Infine, un buon veicolo di scambio di esperienze è dato dall'ambito sportivo: possono essere organizzati tornei delle più varie discipline, coinvolgendo – perché no?- giovani atleti dei Comuni limitrofi qualora uno sport non fosse rappresentato sul territorio comunale.
A sostegno degli sforzi necessari per un gemellaggio “ben riuscito”, credo che sarebbe una buona idea creare un'associazione che si occupi di ideare nuove iniziative e valutare l'utilità di quelle già previste, con una piccola quota di partecipanti riservata per statuto a rappresentanti eletti dai giovani su base comunale.

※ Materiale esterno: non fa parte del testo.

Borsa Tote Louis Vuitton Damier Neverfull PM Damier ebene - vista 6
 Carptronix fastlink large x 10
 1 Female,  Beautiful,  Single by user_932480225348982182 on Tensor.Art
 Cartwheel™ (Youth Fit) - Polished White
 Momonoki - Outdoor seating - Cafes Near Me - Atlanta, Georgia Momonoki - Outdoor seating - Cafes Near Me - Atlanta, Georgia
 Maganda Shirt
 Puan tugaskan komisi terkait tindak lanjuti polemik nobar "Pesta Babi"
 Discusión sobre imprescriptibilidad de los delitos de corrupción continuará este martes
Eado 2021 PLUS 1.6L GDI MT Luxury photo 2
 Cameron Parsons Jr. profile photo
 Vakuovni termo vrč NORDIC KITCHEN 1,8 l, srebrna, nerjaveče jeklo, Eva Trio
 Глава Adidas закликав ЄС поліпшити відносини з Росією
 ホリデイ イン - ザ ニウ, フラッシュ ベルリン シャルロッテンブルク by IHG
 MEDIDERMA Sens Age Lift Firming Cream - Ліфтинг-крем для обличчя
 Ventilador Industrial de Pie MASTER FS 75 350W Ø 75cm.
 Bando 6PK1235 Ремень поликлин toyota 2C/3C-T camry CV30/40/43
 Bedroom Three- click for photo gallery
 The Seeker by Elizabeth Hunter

Le proposte di Petra Crociati e Marco Pregnolato su mobilità e giovani in Europa
Petra Crociati
In quanto studentessa Erasmus presso l'Università Pompeu Fabra di Barcellona, noto come una esperienza così lunga e intensa possa essere molto provante a livello psicologico e accademico. Nonostante sia un'esperienza eccezionale e che in nessun caso mi sento di giudicare negativamente, credo bisognerebbe incentivare scambi europei di durata minore tra le Università, privilegiando corsi di lingua brevi (uno o due mesi), in lingua inglese o straniera e dunque frequentabili anche da studenti stranieri. Penso a seminari, workshop, simulazioni, ma in ogni caso sarebbe molto stimolante anche prevedere maggiori viaggi accademici alle istituzioni di interesse (sedi di organizzazioni, consolati, banche di rilevanza, grandi imprese o industrie, ospedali famosi), in modo da stimolare lo studio e la prospettiva lavorativa che sfortunatamente molte volte viene soffocata da ostacoli accademici e pile di libri.
Marco Pregnolato
Un'idea per promuovere la mobilità europea potrebbe essere quella di istituire un treno dedicato ai giovani che attraversi tutti e 27 gli Stati membri dell'Unione Europea (in parte finanziato dall'UE). Una sorta di programma Interrail ma con un treno riservato ai giovani che permetta loro di conoscersi e di scambiare usi e costumi. Un treno particolare, studiato per favorire l'integrazione, con sale di discussione, di gioco e di divertimento notturno. Un treno che porterebbe con sé un messaggio forte di coesione ed anche una grande partecipazione da parte di noi giovani. Biglietto ferroviario strutturato in modo da incentivare lo spostamento: più paesi attraversi, meno paghi. Ogni città toccata dal treno potrebbe ricevere degli incentivi economici europei se organizzasse delle iniziative a favore dei giovani che decidono di scendere dal treno e fermarsi nella città stessa. Costruzione, in queste città, di ostelli dedicati che permettano, attraverso la loro strutturazione, momenti e luoghi di incontro e divertimento per favorire ancor di più l'integrazione tra i giovani di differenti paesi.